Gee has created a checklist of learning principles that are built into good games. He speaks of co-design, customization, identity, well-ordered problems, and cycles of expertise, sandboxes, and much more. Nell's "book" incorporated all of these. It's as though Gee read The Diamond Age (actually, I would bet that he has). Nell is not getting any positive interaction from any caring adult, and before she gets the book, she'd be lucky to survive to grow up to be a part-time prostitute like her mother. Yet, when she opens the book, a whole new world opens up to her--literally. We've talked about Second Life being an escape or another reality; this book goes far beyond all that. Based on nanotechnology, the book can create worlds to teach different skills, as though the reader were walking into a fairy tale or a textbook. Nell doesn't have to be able to read yet: the book adapts to match her current abilities and needs. It changes as she learns, and it works with her to develop essential survival skills in addition to intellectual skills. Of course, it's not the drill and practice that we see in so much educational technology currently available. It draws her into to various "games," in which she learns reading, writing, arithmetic, martial arts, and more. The book also gives Nell an identity and a relationship to a teacher within the game worlds that offer more stability, respect, and caring than anything she is likely to encounter in her home.

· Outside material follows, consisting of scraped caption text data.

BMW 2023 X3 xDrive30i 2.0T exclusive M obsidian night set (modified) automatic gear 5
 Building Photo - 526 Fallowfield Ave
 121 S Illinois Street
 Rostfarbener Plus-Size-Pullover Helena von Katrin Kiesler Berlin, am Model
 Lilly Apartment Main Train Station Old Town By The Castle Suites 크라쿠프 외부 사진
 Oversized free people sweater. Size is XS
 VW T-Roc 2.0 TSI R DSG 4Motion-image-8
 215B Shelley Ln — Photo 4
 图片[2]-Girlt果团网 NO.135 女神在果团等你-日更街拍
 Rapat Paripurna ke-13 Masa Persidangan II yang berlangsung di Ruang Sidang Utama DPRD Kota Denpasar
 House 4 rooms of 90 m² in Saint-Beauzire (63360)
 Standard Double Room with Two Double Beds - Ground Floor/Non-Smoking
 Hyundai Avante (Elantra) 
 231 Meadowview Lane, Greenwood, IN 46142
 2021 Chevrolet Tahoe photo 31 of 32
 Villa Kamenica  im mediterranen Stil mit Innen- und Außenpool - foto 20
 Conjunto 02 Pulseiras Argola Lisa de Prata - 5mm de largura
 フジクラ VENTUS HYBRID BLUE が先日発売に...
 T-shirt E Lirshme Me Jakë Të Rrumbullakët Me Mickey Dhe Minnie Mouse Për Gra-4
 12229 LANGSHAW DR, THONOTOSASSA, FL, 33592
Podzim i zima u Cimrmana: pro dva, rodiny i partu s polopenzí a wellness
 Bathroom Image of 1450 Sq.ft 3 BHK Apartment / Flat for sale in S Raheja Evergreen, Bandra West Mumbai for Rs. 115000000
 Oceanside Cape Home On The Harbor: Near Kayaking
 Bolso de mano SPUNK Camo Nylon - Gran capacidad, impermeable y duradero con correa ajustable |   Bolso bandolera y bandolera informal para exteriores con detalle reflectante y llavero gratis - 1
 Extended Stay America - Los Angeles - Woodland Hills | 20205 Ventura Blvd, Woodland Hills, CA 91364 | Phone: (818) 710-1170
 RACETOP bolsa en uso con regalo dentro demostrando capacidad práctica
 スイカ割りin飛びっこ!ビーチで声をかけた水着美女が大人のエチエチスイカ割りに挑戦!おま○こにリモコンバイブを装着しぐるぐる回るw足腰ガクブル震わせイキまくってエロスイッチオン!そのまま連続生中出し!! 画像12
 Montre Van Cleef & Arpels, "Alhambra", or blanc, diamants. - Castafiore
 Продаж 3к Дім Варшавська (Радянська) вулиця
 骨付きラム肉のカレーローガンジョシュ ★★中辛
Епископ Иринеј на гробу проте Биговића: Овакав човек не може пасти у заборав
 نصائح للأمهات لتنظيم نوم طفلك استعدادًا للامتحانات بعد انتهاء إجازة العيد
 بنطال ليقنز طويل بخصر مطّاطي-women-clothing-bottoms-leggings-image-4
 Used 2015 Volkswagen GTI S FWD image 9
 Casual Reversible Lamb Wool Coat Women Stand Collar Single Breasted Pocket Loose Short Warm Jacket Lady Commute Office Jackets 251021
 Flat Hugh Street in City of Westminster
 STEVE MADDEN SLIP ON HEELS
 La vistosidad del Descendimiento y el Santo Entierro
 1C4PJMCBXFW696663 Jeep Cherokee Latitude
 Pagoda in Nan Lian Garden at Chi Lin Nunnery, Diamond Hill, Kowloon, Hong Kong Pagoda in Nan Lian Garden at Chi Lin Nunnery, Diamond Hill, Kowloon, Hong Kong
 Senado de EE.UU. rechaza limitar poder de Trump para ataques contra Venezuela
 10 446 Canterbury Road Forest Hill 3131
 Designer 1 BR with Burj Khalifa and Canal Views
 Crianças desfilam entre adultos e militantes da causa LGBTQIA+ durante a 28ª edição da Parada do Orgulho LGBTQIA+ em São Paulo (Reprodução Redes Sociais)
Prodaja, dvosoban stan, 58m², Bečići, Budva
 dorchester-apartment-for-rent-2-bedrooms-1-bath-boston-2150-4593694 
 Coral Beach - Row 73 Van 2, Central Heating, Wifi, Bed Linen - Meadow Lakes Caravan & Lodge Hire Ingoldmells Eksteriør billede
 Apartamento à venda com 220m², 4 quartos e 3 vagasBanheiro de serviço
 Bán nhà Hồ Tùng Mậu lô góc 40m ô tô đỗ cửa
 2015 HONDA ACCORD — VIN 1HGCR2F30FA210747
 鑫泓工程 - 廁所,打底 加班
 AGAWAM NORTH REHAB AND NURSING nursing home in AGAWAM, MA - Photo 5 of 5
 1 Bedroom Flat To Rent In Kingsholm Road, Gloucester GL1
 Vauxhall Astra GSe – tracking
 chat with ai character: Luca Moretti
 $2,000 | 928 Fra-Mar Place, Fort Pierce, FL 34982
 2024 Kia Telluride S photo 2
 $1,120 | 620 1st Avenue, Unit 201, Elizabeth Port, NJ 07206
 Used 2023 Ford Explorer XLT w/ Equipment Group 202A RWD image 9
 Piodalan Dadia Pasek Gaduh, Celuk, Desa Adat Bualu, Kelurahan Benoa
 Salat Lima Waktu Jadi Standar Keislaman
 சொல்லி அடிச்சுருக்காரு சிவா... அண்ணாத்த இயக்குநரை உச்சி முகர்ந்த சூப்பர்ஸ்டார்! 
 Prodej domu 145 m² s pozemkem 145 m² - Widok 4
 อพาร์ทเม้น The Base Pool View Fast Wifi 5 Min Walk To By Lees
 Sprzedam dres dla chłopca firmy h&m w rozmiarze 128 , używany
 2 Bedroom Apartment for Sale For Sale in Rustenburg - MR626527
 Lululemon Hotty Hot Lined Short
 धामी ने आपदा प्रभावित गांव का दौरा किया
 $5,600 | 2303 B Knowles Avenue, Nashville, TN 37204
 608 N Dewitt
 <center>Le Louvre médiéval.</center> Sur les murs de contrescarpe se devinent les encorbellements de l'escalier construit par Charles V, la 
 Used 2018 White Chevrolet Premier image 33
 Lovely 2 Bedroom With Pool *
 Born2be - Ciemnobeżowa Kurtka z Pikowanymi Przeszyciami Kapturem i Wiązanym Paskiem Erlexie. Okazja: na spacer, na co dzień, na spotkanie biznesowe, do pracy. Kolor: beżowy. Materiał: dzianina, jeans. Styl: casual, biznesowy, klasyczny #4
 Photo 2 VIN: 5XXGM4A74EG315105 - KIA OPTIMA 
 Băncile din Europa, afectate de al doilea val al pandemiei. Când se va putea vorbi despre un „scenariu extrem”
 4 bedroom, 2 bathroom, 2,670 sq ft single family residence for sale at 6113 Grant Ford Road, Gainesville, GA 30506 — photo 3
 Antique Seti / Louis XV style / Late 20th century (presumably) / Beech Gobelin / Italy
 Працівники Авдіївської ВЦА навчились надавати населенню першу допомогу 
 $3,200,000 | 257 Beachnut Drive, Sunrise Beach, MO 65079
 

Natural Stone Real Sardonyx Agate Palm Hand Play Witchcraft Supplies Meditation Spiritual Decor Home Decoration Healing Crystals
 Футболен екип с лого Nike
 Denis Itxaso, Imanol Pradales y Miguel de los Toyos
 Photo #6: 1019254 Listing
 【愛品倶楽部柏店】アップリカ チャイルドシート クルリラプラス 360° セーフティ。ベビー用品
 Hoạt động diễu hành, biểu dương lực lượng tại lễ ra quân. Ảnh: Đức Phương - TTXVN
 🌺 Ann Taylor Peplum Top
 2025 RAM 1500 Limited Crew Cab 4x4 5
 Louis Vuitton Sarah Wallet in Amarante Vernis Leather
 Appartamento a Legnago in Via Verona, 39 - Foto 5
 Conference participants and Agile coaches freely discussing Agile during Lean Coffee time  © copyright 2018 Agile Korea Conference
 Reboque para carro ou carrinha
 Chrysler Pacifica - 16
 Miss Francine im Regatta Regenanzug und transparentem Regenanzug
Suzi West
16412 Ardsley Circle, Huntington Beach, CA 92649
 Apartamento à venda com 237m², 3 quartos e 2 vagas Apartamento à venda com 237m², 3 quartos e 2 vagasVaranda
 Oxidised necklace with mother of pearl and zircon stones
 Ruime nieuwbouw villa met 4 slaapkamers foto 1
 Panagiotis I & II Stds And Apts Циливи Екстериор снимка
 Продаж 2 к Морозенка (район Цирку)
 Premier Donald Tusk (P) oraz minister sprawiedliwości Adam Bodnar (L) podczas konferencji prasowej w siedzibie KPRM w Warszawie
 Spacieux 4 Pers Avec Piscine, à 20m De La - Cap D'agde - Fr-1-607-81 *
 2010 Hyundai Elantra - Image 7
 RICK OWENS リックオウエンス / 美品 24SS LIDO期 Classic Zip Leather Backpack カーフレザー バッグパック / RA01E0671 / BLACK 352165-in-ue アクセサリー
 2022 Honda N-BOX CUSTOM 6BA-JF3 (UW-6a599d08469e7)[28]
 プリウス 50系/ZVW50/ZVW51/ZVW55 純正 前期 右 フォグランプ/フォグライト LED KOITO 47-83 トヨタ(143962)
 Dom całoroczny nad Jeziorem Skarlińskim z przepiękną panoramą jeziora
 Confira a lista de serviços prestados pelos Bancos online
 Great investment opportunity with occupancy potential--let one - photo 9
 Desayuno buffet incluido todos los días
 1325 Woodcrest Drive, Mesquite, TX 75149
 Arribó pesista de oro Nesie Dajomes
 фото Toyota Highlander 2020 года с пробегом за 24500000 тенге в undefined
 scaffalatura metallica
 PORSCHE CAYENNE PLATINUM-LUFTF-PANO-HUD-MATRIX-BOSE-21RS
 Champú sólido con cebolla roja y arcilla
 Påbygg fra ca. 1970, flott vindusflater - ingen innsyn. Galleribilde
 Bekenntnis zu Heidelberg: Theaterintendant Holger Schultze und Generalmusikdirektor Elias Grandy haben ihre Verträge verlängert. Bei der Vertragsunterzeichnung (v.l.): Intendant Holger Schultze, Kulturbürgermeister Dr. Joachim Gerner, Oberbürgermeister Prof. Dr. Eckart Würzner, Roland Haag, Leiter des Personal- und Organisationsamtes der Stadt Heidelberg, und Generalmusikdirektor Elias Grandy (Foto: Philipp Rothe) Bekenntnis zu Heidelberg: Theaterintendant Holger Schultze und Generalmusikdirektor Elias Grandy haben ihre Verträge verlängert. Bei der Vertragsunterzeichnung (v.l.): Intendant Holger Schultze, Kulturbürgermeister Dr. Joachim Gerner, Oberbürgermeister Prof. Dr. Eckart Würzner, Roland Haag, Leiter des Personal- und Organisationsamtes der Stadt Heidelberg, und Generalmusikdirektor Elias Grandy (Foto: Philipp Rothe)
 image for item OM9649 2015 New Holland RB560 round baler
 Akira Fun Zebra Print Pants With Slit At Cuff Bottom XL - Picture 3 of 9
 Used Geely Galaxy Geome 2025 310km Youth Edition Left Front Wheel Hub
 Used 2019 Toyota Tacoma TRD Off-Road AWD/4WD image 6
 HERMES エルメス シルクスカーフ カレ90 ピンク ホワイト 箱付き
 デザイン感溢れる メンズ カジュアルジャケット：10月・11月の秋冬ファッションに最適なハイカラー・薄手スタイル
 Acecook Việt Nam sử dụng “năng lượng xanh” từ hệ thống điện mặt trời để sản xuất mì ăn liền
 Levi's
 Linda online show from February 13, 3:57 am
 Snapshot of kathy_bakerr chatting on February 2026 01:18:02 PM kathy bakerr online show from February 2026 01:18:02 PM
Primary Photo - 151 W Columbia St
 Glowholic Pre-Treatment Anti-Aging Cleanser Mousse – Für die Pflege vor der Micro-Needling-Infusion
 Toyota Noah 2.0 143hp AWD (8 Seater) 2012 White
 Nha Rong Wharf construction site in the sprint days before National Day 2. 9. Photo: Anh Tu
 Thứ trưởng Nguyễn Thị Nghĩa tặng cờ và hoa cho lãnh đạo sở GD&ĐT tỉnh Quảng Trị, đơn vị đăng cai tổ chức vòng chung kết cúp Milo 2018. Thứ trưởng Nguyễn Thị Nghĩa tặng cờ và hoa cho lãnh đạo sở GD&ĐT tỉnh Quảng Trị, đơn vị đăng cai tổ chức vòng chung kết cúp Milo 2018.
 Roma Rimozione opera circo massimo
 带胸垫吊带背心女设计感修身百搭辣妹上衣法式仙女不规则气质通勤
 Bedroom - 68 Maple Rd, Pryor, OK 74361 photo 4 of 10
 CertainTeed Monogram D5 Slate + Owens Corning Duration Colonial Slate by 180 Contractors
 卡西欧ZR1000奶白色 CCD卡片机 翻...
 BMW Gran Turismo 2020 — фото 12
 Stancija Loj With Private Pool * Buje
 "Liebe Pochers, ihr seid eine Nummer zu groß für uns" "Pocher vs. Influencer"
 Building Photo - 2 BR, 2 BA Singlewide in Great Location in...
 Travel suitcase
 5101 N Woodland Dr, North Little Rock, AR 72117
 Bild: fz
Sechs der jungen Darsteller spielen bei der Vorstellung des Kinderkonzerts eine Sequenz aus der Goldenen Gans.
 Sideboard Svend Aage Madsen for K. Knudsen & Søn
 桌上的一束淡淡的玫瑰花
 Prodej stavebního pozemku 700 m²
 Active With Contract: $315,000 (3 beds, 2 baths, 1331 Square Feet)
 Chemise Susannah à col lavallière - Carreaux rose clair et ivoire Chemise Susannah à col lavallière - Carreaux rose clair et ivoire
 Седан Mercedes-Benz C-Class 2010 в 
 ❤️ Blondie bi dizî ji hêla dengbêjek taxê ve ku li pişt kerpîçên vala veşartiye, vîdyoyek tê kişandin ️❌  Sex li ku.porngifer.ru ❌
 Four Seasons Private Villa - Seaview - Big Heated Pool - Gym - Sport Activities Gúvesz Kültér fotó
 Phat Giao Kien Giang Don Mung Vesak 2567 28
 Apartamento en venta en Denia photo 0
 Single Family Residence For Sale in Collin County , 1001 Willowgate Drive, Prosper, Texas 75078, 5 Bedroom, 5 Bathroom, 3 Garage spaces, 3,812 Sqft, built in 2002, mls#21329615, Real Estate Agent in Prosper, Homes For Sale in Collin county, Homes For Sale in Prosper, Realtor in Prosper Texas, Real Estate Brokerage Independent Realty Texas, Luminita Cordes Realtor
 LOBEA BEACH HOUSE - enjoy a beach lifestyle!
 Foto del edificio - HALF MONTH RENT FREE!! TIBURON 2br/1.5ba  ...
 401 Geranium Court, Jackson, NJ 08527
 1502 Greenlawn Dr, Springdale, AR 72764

To bring us around to Hinton, Nell does basically begin to live within this book world as much as she can. Unfortunately for Nell, it is not her "third place," where she goes to have fun or socialize. It's really her first place, and her only safe place. Still, it offers the environment that Hinton recommends, creating the right conditions for Nell to give life to her education. The book offers sort of an "open architecture" that allows Nell to change the "reality" as she goes.

I think that one reason I was so intrigued by this book was the idea--the hope--that our advancing technology might in some way equalize the disparities in opportunity between rich and poor, educated and uneducated. Of course, the digital divide may only exasperate the disparities; that is the outcome most often discussed. However, if access to technology is made equitable, then the learning principles in games (listed by Gee) could be especially beneficial to different learning styles, to those with LD, and those labeled "at-risk." No, the warm glow of a a computer screen shouldn't (and couldn't) replace the kind, loving hug of a care-giver. I do think, however that development of technology in this area can lead to advancements beyond letting people live out the wish-fulfillment fantasies of choosing a particular body size or hair style, as in Second Life.

And there you have my slightly tangential musings on gaming and education.